Before coming to the Commerce Clause issue, I note that the Texas landlords who challenged the moratorium could have but did not include in their complaint a claim that the statutory delegation of authority to the Surgeon General and the Secretary of HHS to take public health measures was not broad enough to include an eviction moratorium. That's at least a prima facie plausible claim--although there's strong evidence that even the last Congress and administration believed the CDC does have statutory authority for the moratorium. The second COVID relief package, which Congress enacted at the end of last year, expressly extended the CDC moratorium from its originally scheduled Dec. 31, 2020 expiration date to January 31. (The CDC itself re-extended the moratorium to March 31, 2021 after that.) Of course the views of Congress and the President as reflected in subsequent legislation cannot override contrary plain text, but to the extent that the scope of the statutory delegation is unclear, the December 2020 legislation should weigh substantially in favor of recognizing CDC authority for the moratorium.

None of that came before Judge Barker, however, because the plaintiffs contested only the constitutional authority of Congress (and thus of the agency). That was enough for Judge Barker. He concluded that an eviction ban--even for the purpose of preventing an increase in the homeless population and thus COVID, which has a huge negative impact on the national economy--is not a regulation of "economic activity" within the meaning of the Supreme Court's modern case law, and because dwellings are inherently stationary, the regulation is thus of intrastate, not interstate, commerce.

Can that be right? I admit that there is a certain logic to Judge Barker's opinion, but if taken seriously it would lead to a much more dramatic cutting back of Congressional power than anything thus far accomplished by the conservative Justices of the Rehnquist and Roberts Courts during the last three decades of the "federalism revolution." To see why, I'll start with a very condensed summary of the Supreme Court's interpretation of the Commerce Clause. 

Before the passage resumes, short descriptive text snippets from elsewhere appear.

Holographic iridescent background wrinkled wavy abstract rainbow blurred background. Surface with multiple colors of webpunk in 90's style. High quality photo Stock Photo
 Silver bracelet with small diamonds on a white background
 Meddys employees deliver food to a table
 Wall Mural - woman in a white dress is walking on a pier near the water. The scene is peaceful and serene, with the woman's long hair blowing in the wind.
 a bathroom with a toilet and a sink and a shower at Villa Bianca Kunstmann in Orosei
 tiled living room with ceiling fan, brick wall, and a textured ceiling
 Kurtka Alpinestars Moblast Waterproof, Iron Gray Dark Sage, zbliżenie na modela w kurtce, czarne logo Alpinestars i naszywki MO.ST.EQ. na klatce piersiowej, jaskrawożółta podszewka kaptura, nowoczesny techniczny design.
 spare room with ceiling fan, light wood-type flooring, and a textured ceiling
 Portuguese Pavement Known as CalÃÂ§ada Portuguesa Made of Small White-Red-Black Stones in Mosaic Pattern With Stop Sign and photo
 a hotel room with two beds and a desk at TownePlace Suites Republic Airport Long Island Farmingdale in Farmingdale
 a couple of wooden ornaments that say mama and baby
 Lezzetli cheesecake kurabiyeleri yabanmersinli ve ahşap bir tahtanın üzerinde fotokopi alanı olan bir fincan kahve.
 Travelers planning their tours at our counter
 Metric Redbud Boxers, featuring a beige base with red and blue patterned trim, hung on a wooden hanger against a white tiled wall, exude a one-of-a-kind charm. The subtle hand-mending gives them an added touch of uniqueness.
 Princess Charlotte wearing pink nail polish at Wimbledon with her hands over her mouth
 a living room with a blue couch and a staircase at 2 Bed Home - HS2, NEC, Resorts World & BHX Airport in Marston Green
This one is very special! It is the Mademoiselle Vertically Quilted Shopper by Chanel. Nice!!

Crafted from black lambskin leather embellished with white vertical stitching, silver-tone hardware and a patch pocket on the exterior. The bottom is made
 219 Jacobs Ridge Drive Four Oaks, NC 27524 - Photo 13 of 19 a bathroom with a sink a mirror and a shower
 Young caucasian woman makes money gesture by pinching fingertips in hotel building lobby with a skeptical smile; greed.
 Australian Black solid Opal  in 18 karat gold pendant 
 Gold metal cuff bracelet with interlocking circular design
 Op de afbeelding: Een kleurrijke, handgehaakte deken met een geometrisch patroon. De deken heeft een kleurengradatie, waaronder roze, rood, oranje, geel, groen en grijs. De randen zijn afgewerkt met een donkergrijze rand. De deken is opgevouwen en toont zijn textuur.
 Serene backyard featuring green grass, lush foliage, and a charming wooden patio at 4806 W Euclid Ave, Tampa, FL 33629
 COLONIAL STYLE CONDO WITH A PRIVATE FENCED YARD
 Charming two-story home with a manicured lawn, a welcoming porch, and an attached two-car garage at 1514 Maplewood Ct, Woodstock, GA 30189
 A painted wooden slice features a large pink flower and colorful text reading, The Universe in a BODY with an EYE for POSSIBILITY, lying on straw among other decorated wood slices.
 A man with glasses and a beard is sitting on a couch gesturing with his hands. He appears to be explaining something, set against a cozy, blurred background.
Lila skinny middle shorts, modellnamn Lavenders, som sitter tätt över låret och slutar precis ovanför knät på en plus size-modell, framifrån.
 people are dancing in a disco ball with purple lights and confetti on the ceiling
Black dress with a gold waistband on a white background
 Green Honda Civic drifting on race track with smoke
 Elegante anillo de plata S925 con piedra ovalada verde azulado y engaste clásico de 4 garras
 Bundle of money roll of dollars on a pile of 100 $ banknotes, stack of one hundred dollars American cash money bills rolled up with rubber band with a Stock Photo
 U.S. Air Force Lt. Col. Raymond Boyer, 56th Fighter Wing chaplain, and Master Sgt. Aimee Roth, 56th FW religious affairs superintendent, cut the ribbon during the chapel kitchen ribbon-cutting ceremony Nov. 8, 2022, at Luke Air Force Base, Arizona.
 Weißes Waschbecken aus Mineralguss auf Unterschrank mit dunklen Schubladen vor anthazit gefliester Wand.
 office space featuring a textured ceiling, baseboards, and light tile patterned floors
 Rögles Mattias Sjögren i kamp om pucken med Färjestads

In the early Republic, Chief Justice John Marshall construed the Commerce Clause broadly, allowing Congress wide latitude to interpolate and extrapolate among the enumerated powers (in McCulloch, the bank case) and avoiding a view that would restrict congressionally regulable commerce to the mere crossing of borders (in many cases but most clearly in Gibbons v. Ogden, involving ferry boats). To be sure, Marshall recognized that the Commerce power did not reach purely intrastate commerce, but that category seemed small and with industrialization and advances in transportation, it grew even smaller. In its libertarian phase, however, the Court sought to impose formal limits, most notoriously a little over a century ago in Hammer v. Dagenhart, which struck down a law banning the interstate shipment of goods made with child labor. The Hammer Court thought that manufacturing preceded but was not part of commerce--a proposition that was already dubious in the early 20th century and is downright preposterous today, given the role of extended interstate and international supply chains in production.

Accordingly, more or less simultaneously with the abandonment of robust enforcement of individual rights to contract, the Court abandoned its restrictive definition of Commerce in the late New Deal. Wickard v. Filburn, which upheld restrictions on the growing of wheat even if (as the Court somewhat unrealistically assumed in the particular case) it was consumed entirely by the farmer's family. By growing their own wheat, rather than purchasing it, the Court reasoned, the Filburns affected the interstate market. The Court later upheld civil rights legislation on the ground that racial and other forms of illicit discrimination in restaurants and lodging were a burden on commerce. Although the Court never formally said so, it was clear by the 1970s that Congress could legislate on almost any subject under the Commerce Clause.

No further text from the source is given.